Windows 2000 is coming and it will pay IT managers to think about preparing for it now, rather than later. That’s the message from the industry as Microsoft tries to get its marketing and technical machines in sync for the launch of its largest operating system to date, which it hopes will underpin its long-time ambitions in the enterprise space.

IT managers aren’t going to be short of advice

One thing is certain in the run-up to the official release of Windows 2000: IT managers aren’t going to be short of advice. Systems experts, systems integrators, software tools vendors, training specialists - you name it and they’ve got a view on how to get ready for the big launch. In the face of this avalanche of advice, IT managers might just be tempted to take the offer from the managed service vendors, such as BT, which promises that its managed intranet service, BT Site Exchange, will "take away the pain of such upgrades and implementations, leaving the IT manager free to concentrate on more strategic decisions."

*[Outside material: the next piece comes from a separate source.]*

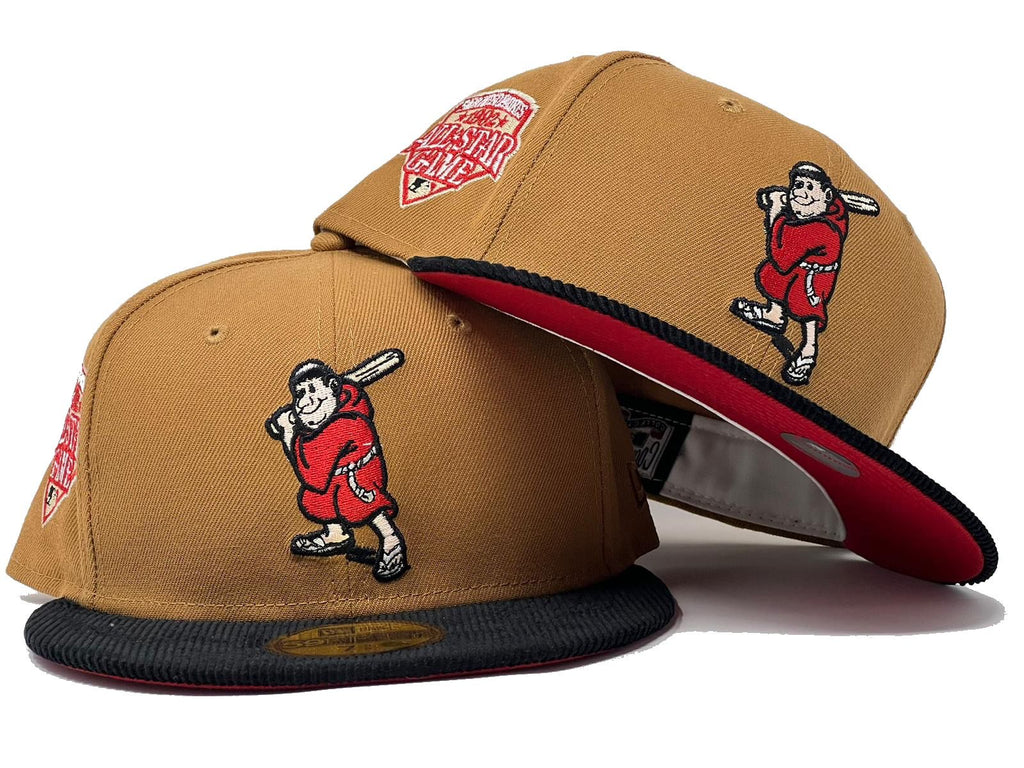 San Diego Padres 1992 All Star Game Black Corduroy Visor Red Brim New Era Fitted Hat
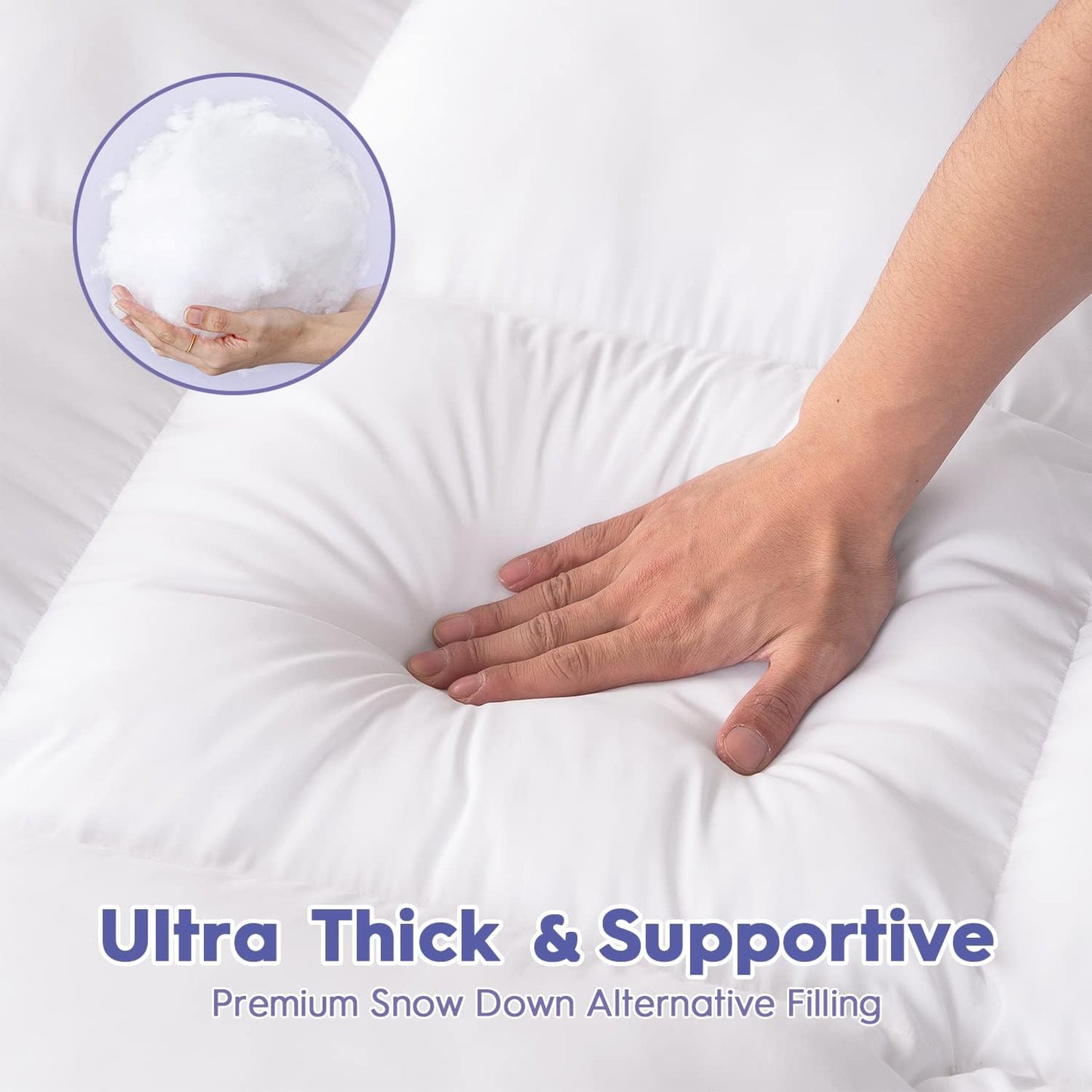 Twin XL Size Mattress Topper for College Dorm, Extra Long Mattress Pad Pillowtop, Soft Plush Mattress Cover Bed Topper with Deep Pocket, Overfilled down Alternative Filling, White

If only life were really that simple! Few IT managers will be able to just shrug off the Windows 2000 launch onto their service provider, although many will be working closely with existing partners, which should cut down on some of the pain. Most major integrators are offering Windows 2000 help and advice of some kind, such as the JumpStart programme from Data General, which is selling fixed-price impact assessment of the new operating system on existing networks for companies with limited time and technical resources to upgrade easily. While DG is a major player with evident Windows 2000 knowledge, IT managers should be wary of some of the smaller third-party software companies with less expertise. What will inevitably be a learning experience for all involved should not become a one-sided experience in which the paying customer becomes an unwitting guinea pig and the supplier picks up valuable expertise at the customer’s expense (see point ten of checklist).

Starting your evaluation

So where do most IT managers start in attempting to evaluate this new operating system in the context of their own organisation? There are some general points to bear in mind and then there are the more detailed technical aspects of Windows 2000 that will need careful consideration, given the new features the system will include. In general terms, there doesn’t seem to be a headlong rush towards Windows 2000. "The customer feedback is that while they’ll look at the system and will evaluate it in small pilots, most are not going to implement it particularly quickly," says Adam Jollans, IBM’s EMEA NT software marketing manager. This is not because organisations aren’t interested in the potential of the operating system, but out of caution. "This is a very big operating system and a lot of it is new code," comments Jollans. "People want to give it time to settle down."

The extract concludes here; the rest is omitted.